Only the lines holding "Family" are wanted; find them in the listing and return each one.

═════ RECORDS FOR THE EXERCISE

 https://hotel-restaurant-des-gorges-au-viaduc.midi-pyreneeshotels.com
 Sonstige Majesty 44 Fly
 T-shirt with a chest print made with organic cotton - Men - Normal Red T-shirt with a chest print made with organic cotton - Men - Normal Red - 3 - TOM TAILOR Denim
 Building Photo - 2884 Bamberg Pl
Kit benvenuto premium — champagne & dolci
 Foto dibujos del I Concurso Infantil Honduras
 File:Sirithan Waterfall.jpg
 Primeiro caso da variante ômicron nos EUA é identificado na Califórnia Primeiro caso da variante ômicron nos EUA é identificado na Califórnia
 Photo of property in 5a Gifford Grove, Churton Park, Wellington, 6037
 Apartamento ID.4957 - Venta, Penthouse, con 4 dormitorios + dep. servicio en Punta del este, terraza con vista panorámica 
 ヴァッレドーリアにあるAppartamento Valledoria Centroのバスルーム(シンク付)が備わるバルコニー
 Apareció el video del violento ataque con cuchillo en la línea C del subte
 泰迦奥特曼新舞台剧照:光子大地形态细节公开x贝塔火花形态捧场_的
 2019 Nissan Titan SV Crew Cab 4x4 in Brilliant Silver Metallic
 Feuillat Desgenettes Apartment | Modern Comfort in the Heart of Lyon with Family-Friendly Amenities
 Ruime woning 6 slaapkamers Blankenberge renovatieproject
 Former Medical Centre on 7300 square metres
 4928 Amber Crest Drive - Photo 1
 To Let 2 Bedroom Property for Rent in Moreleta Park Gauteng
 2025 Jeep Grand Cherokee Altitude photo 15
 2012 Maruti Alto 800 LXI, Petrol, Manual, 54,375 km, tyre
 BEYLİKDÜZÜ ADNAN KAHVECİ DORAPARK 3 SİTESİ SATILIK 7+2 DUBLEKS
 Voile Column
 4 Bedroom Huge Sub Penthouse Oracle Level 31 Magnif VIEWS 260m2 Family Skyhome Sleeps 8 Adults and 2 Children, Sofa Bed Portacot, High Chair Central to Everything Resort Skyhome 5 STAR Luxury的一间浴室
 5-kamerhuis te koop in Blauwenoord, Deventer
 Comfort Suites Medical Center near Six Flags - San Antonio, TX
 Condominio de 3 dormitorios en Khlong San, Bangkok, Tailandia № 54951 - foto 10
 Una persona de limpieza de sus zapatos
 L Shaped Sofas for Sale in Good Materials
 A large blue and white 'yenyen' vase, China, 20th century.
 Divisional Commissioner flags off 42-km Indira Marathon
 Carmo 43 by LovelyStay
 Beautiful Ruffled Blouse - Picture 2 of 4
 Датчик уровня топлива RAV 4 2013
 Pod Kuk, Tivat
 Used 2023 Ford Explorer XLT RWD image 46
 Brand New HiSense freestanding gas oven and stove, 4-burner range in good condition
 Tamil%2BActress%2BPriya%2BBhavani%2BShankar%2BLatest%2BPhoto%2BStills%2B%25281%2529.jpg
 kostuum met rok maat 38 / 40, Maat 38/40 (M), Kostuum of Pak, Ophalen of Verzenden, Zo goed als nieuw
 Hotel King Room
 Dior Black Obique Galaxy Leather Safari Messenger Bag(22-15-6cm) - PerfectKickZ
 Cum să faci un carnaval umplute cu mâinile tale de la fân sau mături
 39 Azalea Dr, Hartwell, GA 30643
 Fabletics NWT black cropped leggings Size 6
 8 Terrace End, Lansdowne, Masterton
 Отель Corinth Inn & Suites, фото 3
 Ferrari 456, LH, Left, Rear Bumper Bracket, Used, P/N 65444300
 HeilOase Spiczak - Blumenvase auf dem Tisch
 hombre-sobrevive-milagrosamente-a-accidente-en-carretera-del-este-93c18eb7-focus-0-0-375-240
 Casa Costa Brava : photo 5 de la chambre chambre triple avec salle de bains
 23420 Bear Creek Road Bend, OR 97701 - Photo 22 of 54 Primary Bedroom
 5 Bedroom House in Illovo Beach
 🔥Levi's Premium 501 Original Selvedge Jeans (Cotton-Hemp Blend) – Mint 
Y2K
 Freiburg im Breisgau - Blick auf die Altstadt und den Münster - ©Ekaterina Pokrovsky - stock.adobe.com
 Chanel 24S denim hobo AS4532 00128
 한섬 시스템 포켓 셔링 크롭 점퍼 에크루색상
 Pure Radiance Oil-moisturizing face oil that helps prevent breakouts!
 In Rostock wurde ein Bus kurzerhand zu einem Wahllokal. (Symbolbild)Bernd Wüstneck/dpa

══════════

- _ANSWER TO THE EXERCISE_
 Feuillat Desgenettes Apartment | Modern Comfort in the Heart of Lyon with Family-Friendly Amenities
 4 Bedroom Huge Sub Penthouse Oracle Level 31 Magnif VIEWS 260m2 Family Skyhome Sleeps 8 Adults and 2 Children, Sofa Bed Portacot, High Chair Central to Everything Resort Skyhome 5 STAR Luxury的一间浴室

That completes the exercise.